In a chat with friends yesterday, one said she had her whole service planned. Another said she’d leave the details to her mourners, while preferring to focus on the wake.
Recently, while giving you my impressions of the final scene of Les Misérables, I shared that I’d be adding “Finale” to my funeral program. “Finale” isn’t just the reference to the musical’s closing number, but (spoiler alert) a commentary on the death experience.
I’ll say, I do have a few hymns picked out. Some come and go, but two definites remain, “I Want to Walk as a Child of the Light” and “There’s Wideness in God’s Mercy,” but I don’t want the traditional version of the latter. The one I want is a different melody altogether. For the record, it’s #469 in the Episcopal Hymnal, not the more popular #470. Are we clear on that?
I’d like to avoid what happened at my mother-in-law’s funeral. As she was near the end of her life, she requested specifically that “How Great Thou Art” not be played. She hated that hymn. Guess what the organist played as the final hymn of the service? Personally, I love “How Great Thou Art.” A little overdone on the funeral circuit, but moving nonetheless.
Don’t hate me, but I’m not a fan of “Amazing Grace,” so let’s skip that one and leave more time to get to the potato salad.
Now, on to the after party. Some of the popular music I’ve chosen includes The Beatles’ “Let it Be,” Jackson Browne’s “Rock Me on the Water,” Simon & Garfunkel’s “Bridge Over Troubled Water,” Natalie Cole’s “This Will Be (An Everlasting Love)” and now, “Finale” from Les Miz. There are many others that come and go from the hopper.
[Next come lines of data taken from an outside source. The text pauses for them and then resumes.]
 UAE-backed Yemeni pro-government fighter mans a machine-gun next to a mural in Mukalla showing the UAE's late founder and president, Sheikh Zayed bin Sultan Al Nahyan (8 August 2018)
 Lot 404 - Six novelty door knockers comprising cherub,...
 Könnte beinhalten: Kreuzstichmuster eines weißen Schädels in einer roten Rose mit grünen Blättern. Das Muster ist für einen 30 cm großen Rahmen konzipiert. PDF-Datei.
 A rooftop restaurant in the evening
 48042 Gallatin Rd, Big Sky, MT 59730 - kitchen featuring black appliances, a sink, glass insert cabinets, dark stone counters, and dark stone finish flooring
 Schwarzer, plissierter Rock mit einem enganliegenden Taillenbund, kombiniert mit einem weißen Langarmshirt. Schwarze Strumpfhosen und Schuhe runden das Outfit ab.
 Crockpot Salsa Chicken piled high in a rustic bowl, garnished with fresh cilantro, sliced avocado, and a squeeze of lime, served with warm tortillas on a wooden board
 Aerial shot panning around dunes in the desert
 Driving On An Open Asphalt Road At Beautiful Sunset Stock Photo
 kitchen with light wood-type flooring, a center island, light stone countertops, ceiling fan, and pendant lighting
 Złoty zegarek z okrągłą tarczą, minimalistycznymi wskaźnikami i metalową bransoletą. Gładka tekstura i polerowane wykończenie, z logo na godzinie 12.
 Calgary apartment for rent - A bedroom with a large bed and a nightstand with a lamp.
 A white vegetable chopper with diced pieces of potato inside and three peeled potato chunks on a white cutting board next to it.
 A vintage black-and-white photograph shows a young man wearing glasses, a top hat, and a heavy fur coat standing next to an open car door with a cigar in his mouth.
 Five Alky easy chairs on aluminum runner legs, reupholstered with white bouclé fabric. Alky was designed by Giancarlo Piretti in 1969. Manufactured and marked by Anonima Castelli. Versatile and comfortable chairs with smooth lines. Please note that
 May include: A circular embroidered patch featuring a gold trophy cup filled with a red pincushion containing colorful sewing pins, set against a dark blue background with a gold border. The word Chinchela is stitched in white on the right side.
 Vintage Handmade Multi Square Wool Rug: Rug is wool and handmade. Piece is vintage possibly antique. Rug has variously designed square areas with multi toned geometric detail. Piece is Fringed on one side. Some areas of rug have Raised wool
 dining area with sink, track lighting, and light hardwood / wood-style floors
We make these selections as if we have any control but truly, we are at the mercy of our loved ones, who may have a different agenda.
I remember a time when my son, who was seven or eight at the time, was really angry at me. He searched for the most hurtful thing he could think of to say, which was: “When you die, I’m gonna get up and sing ‘Go Go Power Rangers’ at your funeral!”
It still makes me laugh to imagine him as a middle-aged man in a suit and tie, standing at the church lectern and singing this thumping cartoon theme song to his mother. He will, after all, have the final say.
Your turn. What’s in your final playlist? Anyone have “Dust in the Wind?” “Last Train to Clarksville?”